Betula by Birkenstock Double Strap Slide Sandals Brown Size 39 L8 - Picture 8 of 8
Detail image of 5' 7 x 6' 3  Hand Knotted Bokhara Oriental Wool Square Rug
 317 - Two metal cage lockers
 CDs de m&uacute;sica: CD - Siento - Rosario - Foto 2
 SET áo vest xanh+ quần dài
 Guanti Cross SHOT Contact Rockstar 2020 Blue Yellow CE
###
**PROBLEM REQUIREMENTS:**
Beginning with the line that contains "SET áo vest xanh+ quần dài", output each line of the listing above through the last one, exactly and with nothing added.

**OUTPUT OF THE EXERCISE:**
 SET áo vest xanh+ quần dài
 Guanti Cross SHOT Contact Rockstar 2020 Blue Yellow CE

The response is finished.